#### Exercise requirements
Restate each line below word for word, skipping every picture.
Available data section start
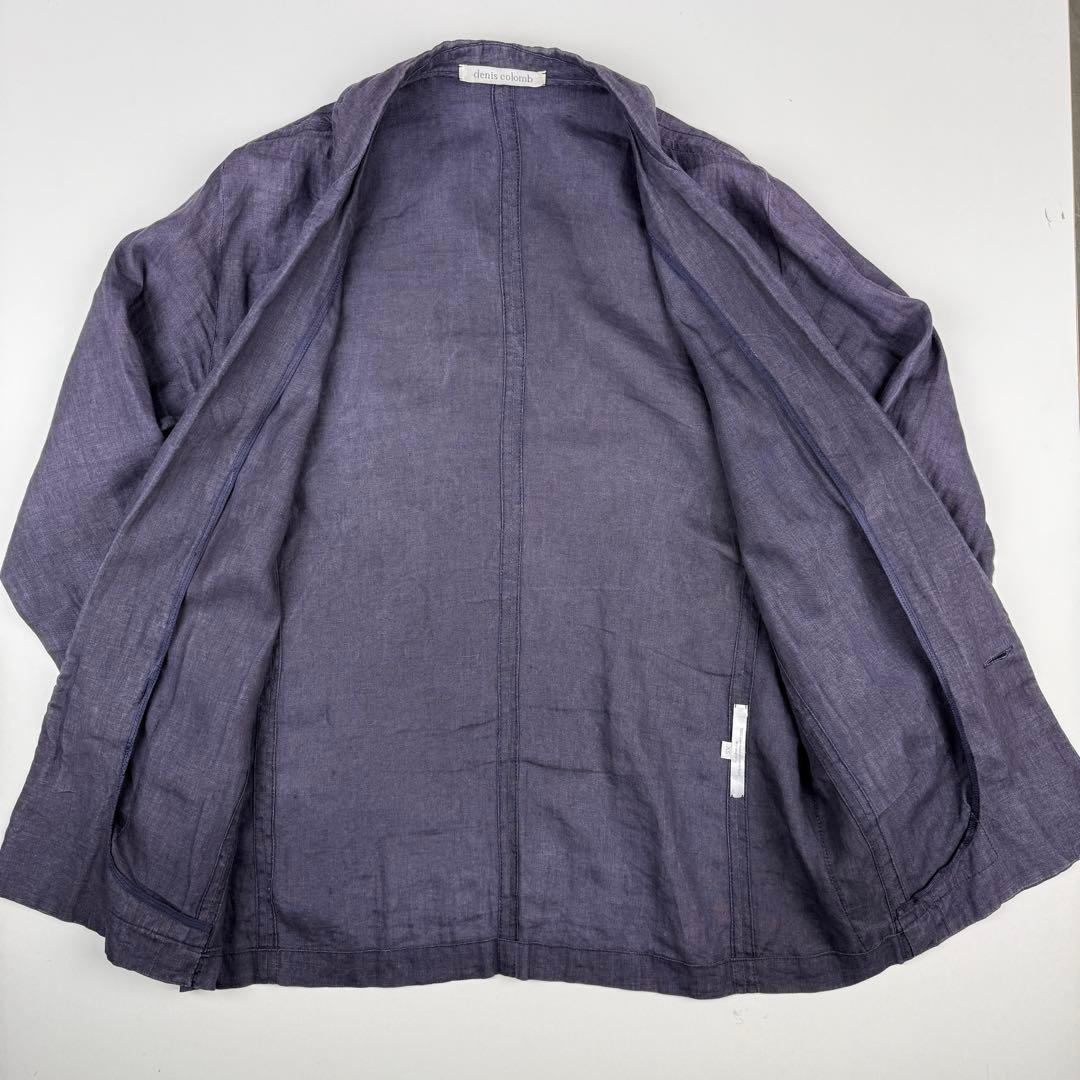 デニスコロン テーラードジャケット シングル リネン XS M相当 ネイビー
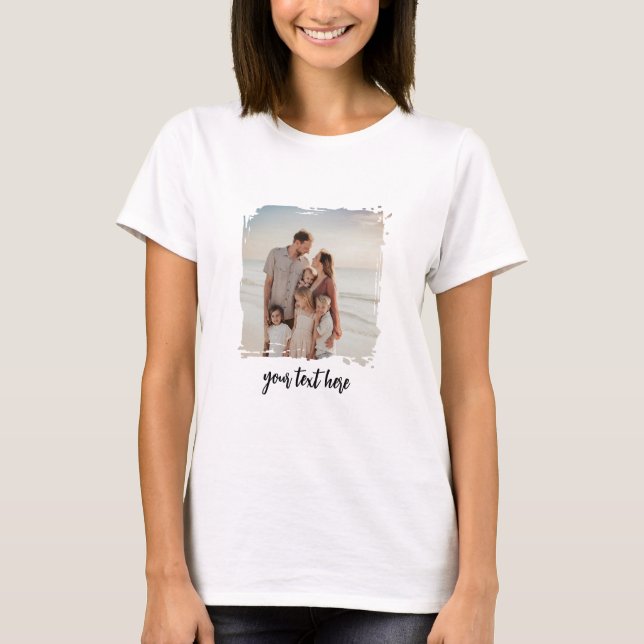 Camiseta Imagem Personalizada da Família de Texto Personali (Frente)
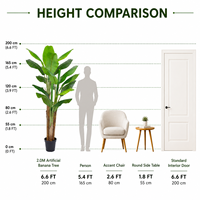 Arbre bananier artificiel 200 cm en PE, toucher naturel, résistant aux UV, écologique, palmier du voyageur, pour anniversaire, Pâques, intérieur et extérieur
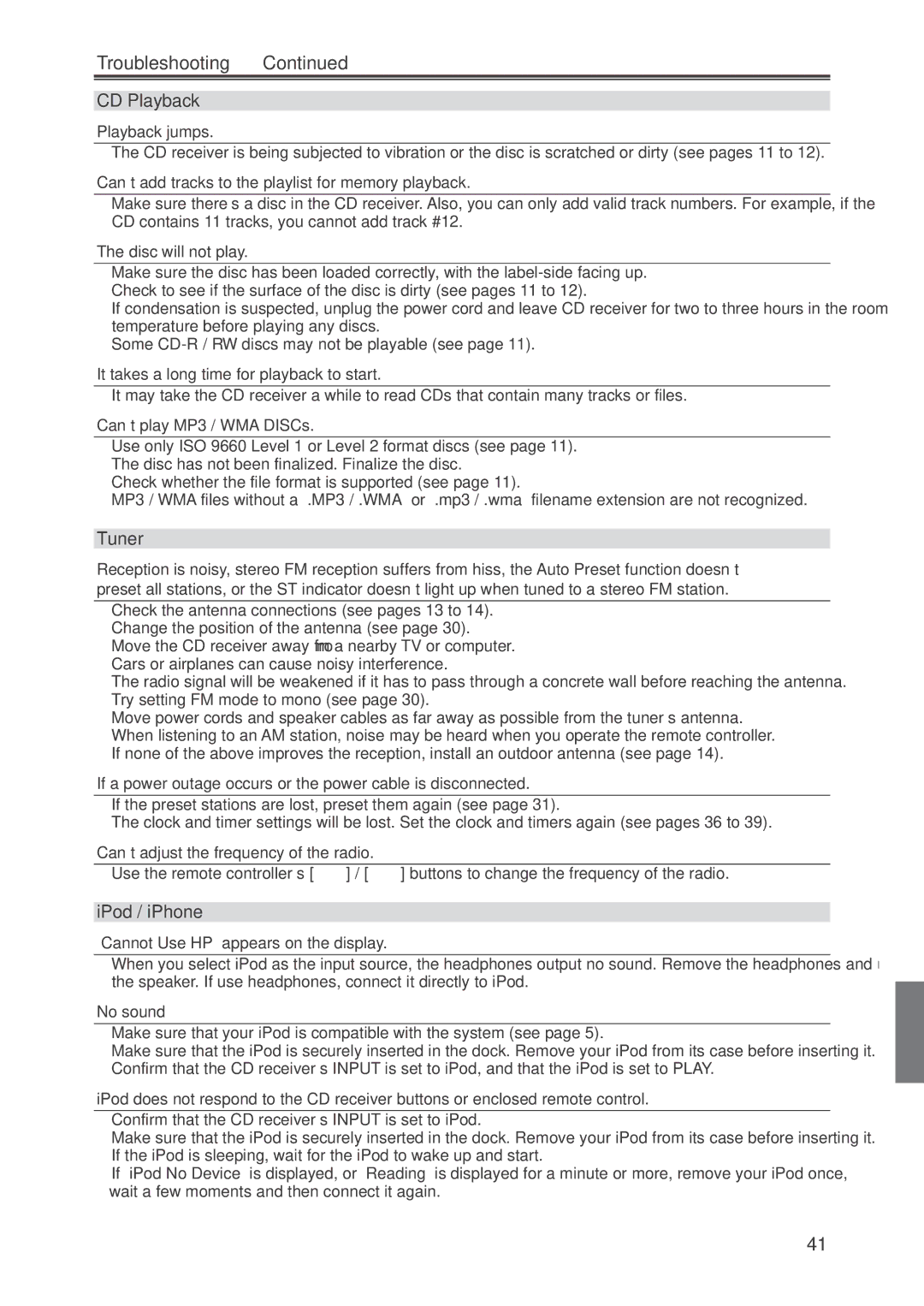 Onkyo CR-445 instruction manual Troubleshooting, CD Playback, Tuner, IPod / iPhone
Available data section end
#### Solution to this task
 デニスコロン テーラードジャケット シングル リネン XS M相当 ネイビー
 Camiseta Imagem Personalizada da Família de Texto Personali (Frente)
 Arbre bananier artificiel 200 cm en PE, toucher naturel, résistant aux UV, écologique, palmier du voyageur, pour anniversaire, Pâques, intérieur et extérieur
 Onkyo CR-445 instruction manual Troubleshooting, CD Playback, Tuner, IPod / iPhone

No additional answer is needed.